Bluestockings by Jane Robinson
Author:Jane Robinson
Language: eng
Format: epub
ISBN: 9780141961095
Publisher: Penguin Books Ltd
Published: 2009-11-04T16:00:00+00:00
7. Women’s Sphere
You know, Eileen, in spite of going to Manchester,
you’re really quite normal.1
Perhaps the most obvious sign of continuity between their old and new lives for every undergraduette – unless they lived at home – was the ringing of bells. At each college or hall of residence, bells measured out the routine with reassuring authority. At Langwith Hall, Manchester, they rang nine times daily during the 1930s: for waking at 7.15 a.m., prayers at 8.00, breakfast ten minutes later, the first lunch sitting at 1.00 p.m., the second at 1.45, tea at 4.00, dinner at 7.30, prayers at 8.10, and a ‘morality bell’ at lights-out. At Leeds there was also a dressing gong before dinner, and bulbs were twinkled on and off a few times at 10.30 p.m. to prepare for ‘quiet time’ at 11.00. Any noise after that meant trouble. Senior students were recruited to police the corridors, and report misdemeanours to the authorities. It was an invidious job no one enjoyed.

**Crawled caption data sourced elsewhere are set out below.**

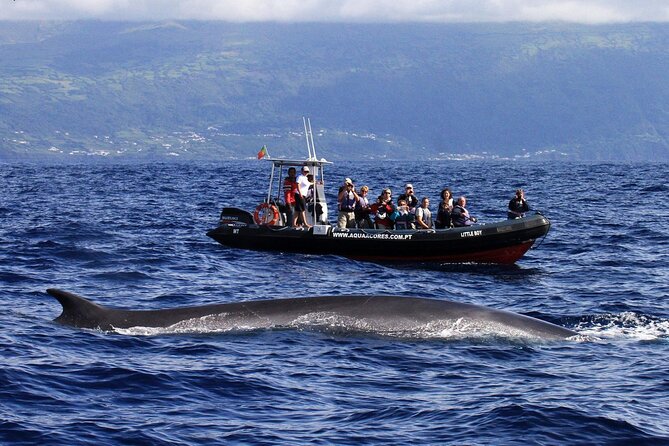 Whale and Dolphin Watching in Pico Island - Half Day - Contact and Additional Details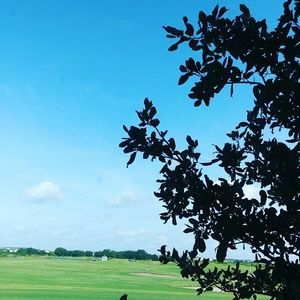 Meet your Posher, Vicky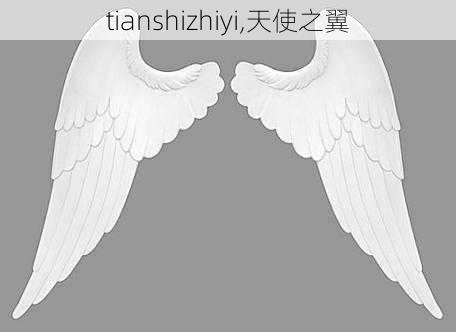 tianshizhiyi,天使之翼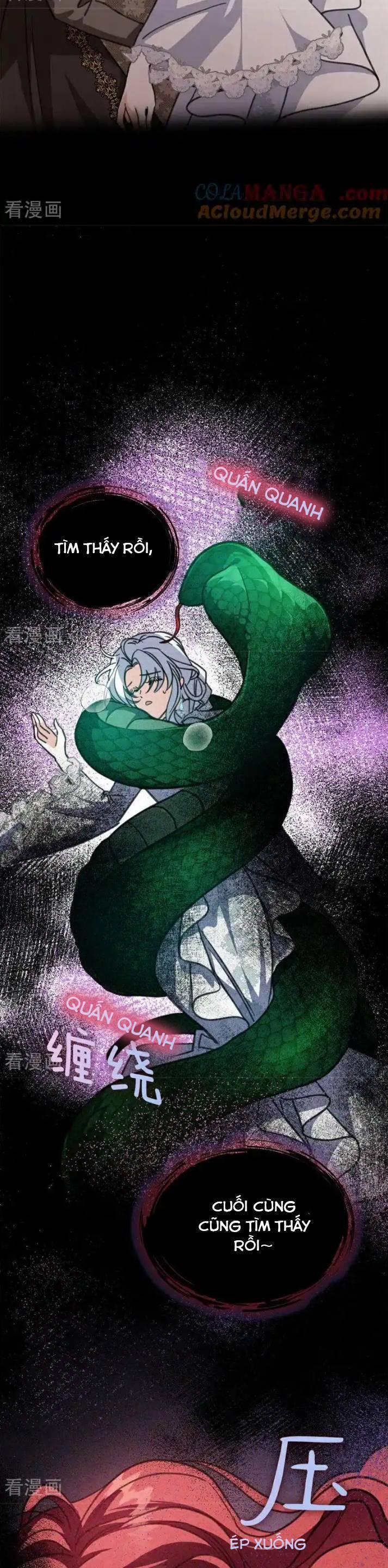 Bông Hoa Độc Của Nhà Công Tước 44 trang 17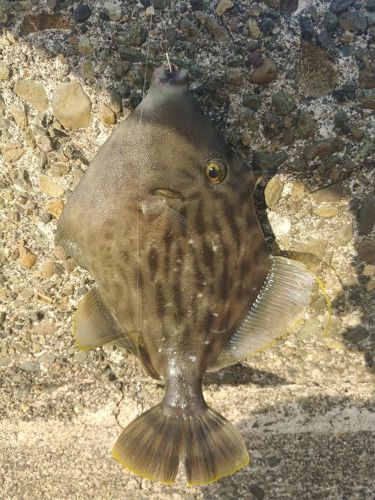 カワハギの釣果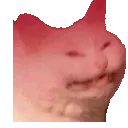 cattorage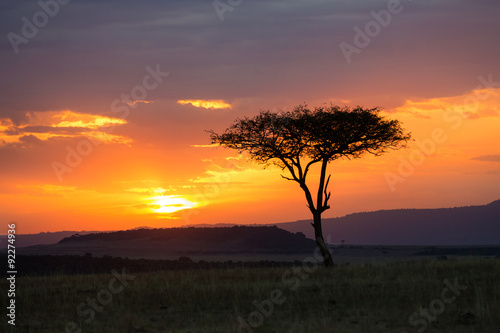 Sunset in the Serengeti National Park, Tanzania, Africa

Domestic orderliness was encouraged not only to ensure the smooth running of a college community, but to lend an air of familiarity to a strange environment. There was a certain cosiness about everyone eating together three times a day, praying together in the chapel, helping each other with dressing, shopping, hair-washing, mending. Coping with the mundane helped settle this rarefied, academic life into a homely context. Be it Durham or Exeter, 1880 or 1930, a woman student’s timetable remained remarkably uniform. On weekdays it would be much as those Manchester bells dictated, with chapel and then work in the morning, exercise and/or more work in the afternoon, meetings of various sorts in the early evenings, and private study after cocoa at 9.00 p.m. (or a cocoa party, of course). There was more socializing and less work on Saturdays; long walks or cycle rides and two bouts of chapel instead of one on Sundays.